# Its pea time



## Dunkem (May 8, 2012)

Ok Im gonna do up 20 lbs of shelled peas today.Any neat recipes?Just gonna blanche and freeze.Onions?Garlic?jalapenos?What ya got for me?:hungry:


----------



## Mr Muleskinner (Feb 14, 2012)

We use them for bear baiting as well. Polar Bears only though and it is just a game of challenge.

You basically cut a hole in the ice to make it easier for them hunt seals. You then sprinkle peas around the hole. The bear will walk up to the hole and wait for a seal to come up for air. At some point the bear will get discouraged and will look at the peas as food.

When the bear goes to take a pea you kick him in the ice hole.


----------



## Critter (Mar 20, 2010)

Dry them out and use them in a pea shooter. 

Do they even still sell the long straws for a pea shooter anymore? 

When I was a kid hunting wooly mammoths and ran out of the factory peas, I would switch over to corn kernels. They had a neat curve to the trajectory when you blew them out of the straw.


----------



## wyogoob (Sep 7, 2007)

20 lbs!!!!!! Holy Cow!!!

Did you shell them all yourself? Growing up we used a piece of plywood with molding around 3 sides. We would shuck a bunch of pods onto the plywood and then just tipped it up and roll the (clean) peas in a bucket. kinda cool

When I flew the coop I lived around tens of thousands of acres of vegetable farming. The growing season was long enough to have early peas and then a second crop after that, say lima beans or green beans. My buddies worked at the canning plants and would get us 5 gallon buckets of freshly blanched peas (or any other kind of vegetable you could think of) off the assembly line right before the veggies went into the cans.

We'd get a 5-gallon bucket of peas and carrots, or mixed vegetables and all we had to do was put them in freezer bags, 40 pints worth. 

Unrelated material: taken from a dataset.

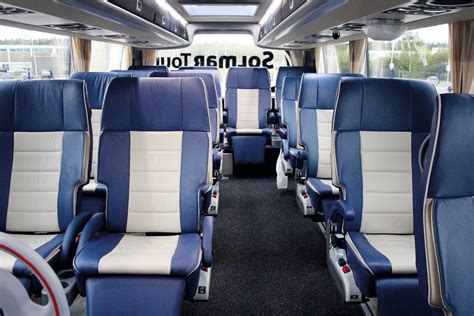 Interieur van een FlixBus-bus met comfortabele stoelen en stopcontacten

Ever try ******* guacamole? Use peas, not avacados.

.


----------



## Dunkem (May 8, 2012)

wyogoob said:


> 20 lbs!!!!!! Holy Cow!!!
> 
> Did you shell them all yourself? Growing up we used a piece of plywood with molding around 3 sides. We would shuck a bunch of pods onto the plywood and then just tipped it up and roll the (clean) peas in a bucket.
> 
> ...


Shucked half of them(my garden)Got the rest from a stand by my house(pre shucked:smileRed neck guacamole,sounds good.

Thanks Skinner, I will save a few for the polar bears:mrgreen:And Critter my wife took my peashooter away,said I was going to put someones eye out-O,-


----------



## massmanute (Apr 23, 2012)

Peas, new potatoes, cream or cream plus milk, perhaps a bit of onion and/or garlic and some salt and pepper... not much better than that.


----------



## Dunkem (May 8, 2012)

20 lbs -2lbs eaten =27 pint bags in the freezer I will never shell my own again


----------